If you expect your Nokia to know what you're on about when you message your partner, "That shop in Bolton has the grout we need," it will begin grumpily demanding, "Spell?" If, however, you want to say: "Who's your favourite dictator, Stalin, Hitler, Franco or Napoleon?" the mobile understands exactly what you mean. My phone goes all talk-to-the-hand if I try to message somebody to remember to get the emulsion, and that Sainsbury's has guavas. But write: "Marxist dogma relies too heavily on the dialectical approach," and the Nokia begins, figuratively speaking, to nod in agreement.

On the basis of its vocabulary, in short, my 21st-century Nokia phone, if it were a person, would be a heavily bearded lecturer from the London School of Economics in 1975, smelling strongly of pipe smoke. And I'd be the last person to want that academic out of my mobile.
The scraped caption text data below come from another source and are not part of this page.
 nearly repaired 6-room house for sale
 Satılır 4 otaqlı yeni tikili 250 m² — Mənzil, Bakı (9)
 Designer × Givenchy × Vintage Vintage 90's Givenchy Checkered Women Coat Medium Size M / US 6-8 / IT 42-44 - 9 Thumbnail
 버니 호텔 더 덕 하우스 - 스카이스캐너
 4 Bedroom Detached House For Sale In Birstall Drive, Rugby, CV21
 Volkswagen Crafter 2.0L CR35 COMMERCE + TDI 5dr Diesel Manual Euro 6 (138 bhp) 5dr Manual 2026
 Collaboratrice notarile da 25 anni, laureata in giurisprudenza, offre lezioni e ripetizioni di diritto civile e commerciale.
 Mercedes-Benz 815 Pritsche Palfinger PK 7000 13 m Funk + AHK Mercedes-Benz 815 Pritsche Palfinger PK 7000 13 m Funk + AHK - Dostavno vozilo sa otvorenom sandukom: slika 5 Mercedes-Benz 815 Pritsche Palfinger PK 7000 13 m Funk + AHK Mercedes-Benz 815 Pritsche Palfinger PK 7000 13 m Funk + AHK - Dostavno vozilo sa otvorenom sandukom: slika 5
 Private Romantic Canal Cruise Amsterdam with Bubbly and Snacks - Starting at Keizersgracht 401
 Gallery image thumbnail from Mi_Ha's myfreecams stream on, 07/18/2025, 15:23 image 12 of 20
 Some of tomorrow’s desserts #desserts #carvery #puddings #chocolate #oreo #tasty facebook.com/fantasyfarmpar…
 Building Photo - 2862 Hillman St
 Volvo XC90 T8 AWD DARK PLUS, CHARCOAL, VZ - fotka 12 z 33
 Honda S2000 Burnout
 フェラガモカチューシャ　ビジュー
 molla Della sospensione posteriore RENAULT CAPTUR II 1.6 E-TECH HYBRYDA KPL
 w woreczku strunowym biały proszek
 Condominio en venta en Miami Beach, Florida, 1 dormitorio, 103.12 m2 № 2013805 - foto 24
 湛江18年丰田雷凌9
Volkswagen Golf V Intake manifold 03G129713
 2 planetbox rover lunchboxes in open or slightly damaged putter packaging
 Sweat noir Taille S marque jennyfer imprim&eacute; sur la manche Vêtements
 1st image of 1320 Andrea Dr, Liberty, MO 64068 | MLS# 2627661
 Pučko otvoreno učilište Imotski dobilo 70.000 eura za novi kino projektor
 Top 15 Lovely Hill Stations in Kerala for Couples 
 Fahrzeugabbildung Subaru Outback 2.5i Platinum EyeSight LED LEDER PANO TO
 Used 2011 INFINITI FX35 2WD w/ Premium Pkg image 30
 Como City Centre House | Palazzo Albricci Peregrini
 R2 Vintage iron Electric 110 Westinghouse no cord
I just wonder whether he might not be joined in there by someone a bit more UK 2006-specific.

Nokia's text dictionary for the English-speaking world (there aren't separate ones for Britain and America), like that for most mobiles, is provided by a Seattle-based outfit called Tegic Communications, now owned by the AOL empire. The original database of words - it has grown to 34,000, including plurals and different forms of the same word, against more than 600,000 in the OED - came from a pre-mobile piece of software which speeded up communication for disabled people only able to tap one letter at a time.

Tegic won much publicity last month when it boasted about adding funky coinages such as "lifehack" and "podjack" to its predictive dictionary. I asked AOL's Erin Gifford whether there was any chance of getting perhaps less trendy, but more useful words, such as "Wolverhampton", "plaice" or "Heathrow". It turned out that Tegic's methodology was quite old-media.

"When we put the dictionary together, we pay attention to current newspaper data," Gifford said. "It's not the 34,000 words most used in texting, it's the words most commonly found in print. Heathrow and Sheffield aren't in there, but London and Edinburgh are. It just depends on how frequently they occur in the media. Avocados are not written about enough to have made it."

Gifford said Tegic might respond to a write-in campaign urging the inclusion of a particular word, but given the firm's usual method, it might be better to use the last bit of space I have left to add usage heft to the vocabulary of the rejected: avocado! Cardiff! Can you hear us in Seattle? Haddock! Mozart! Mozart!